-------- INPUT --------
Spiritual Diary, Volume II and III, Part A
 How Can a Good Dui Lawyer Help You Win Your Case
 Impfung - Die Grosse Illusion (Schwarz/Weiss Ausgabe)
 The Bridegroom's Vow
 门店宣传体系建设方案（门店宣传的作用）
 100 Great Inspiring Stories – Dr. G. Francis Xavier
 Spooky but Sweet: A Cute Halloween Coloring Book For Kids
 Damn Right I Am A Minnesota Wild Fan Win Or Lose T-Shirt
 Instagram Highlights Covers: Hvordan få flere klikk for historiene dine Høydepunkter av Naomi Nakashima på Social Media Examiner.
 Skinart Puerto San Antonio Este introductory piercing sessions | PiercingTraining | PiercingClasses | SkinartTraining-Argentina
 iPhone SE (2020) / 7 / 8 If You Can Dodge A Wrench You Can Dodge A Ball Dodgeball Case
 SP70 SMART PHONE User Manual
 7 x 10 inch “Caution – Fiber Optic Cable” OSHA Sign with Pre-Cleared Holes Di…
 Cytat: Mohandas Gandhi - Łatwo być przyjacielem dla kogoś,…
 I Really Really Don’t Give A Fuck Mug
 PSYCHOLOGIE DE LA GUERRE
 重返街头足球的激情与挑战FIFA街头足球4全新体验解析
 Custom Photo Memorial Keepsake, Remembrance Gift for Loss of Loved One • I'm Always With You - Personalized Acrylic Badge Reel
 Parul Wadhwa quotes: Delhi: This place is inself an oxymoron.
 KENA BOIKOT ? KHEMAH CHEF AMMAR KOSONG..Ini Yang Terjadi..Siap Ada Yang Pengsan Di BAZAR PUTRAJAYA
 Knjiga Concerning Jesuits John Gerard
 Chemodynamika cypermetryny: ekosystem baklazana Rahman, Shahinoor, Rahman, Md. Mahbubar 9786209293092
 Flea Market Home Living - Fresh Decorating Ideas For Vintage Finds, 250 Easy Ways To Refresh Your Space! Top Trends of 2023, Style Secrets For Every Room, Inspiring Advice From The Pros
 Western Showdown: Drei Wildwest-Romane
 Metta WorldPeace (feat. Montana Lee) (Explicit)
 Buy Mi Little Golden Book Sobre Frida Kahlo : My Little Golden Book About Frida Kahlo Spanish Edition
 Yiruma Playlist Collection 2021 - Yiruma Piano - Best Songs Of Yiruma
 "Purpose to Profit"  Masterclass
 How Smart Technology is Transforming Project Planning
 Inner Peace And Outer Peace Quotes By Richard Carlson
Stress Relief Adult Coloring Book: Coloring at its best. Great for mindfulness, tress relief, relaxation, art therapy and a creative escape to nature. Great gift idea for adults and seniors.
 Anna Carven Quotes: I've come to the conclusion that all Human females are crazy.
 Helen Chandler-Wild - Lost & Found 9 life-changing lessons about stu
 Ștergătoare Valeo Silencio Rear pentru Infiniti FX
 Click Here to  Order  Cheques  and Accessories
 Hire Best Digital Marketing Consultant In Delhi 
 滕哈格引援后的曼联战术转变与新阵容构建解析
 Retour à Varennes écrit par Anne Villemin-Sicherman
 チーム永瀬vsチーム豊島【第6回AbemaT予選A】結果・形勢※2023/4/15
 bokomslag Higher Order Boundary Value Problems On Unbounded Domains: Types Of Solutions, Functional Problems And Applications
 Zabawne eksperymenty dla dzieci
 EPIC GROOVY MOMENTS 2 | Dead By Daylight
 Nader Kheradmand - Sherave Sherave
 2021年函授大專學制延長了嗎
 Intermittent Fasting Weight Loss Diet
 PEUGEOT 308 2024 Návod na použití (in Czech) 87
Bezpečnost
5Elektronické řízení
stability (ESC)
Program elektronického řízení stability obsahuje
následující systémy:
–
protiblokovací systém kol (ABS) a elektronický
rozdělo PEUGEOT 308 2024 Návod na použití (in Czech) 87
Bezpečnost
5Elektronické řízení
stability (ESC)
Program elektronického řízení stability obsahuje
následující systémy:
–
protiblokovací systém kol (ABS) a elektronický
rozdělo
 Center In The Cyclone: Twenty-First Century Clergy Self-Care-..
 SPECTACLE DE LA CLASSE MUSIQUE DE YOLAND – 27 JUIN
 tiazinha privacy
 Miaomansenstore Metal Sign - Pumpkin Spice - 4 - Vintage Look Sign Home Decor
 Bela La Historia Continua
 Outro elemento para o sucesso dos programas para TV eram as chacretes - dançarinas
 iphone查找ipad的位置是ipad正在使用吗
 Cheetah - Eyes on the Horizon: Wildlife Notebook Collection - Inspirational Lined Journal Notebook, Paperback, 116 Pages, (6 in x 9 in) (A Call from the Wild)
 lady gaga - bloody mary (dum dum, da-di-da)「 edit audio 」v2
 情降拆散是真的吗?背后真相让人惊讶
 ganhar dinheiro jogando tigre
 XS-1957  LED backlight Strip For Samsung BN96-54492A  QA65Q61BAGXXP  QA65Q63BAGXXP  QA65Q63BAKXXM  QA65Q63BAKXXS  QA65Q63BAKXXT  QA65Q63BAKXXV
--------
• _WHAT IS NEEDED_
Above are some records; copy exactly the lines from the one with "Cytat: Mohandas Gandhi" through the one with "Parul Wadhwa quotes: Delhi: This", both included, and no others.

• _TASK RESPONSE_
 Cytat: Mohandas Gandhi - Łatwo być przyjacielem dla kogoś,…
 I Really Really Don’t Give A Fuck Mug
 PSYCHOLOGIE DE LA GUERRE
 重返街头足球的激情与挑战FIFA街头足球4全新体验解析
 Custom Photo Memorial Keepsake, Remembrance Gift for Loss of Loved One • I'm Always With You - Personalized Acrylic Badge Reel
 Parul Wadhwa quotes: Delhi: This place is inself an oxymoron.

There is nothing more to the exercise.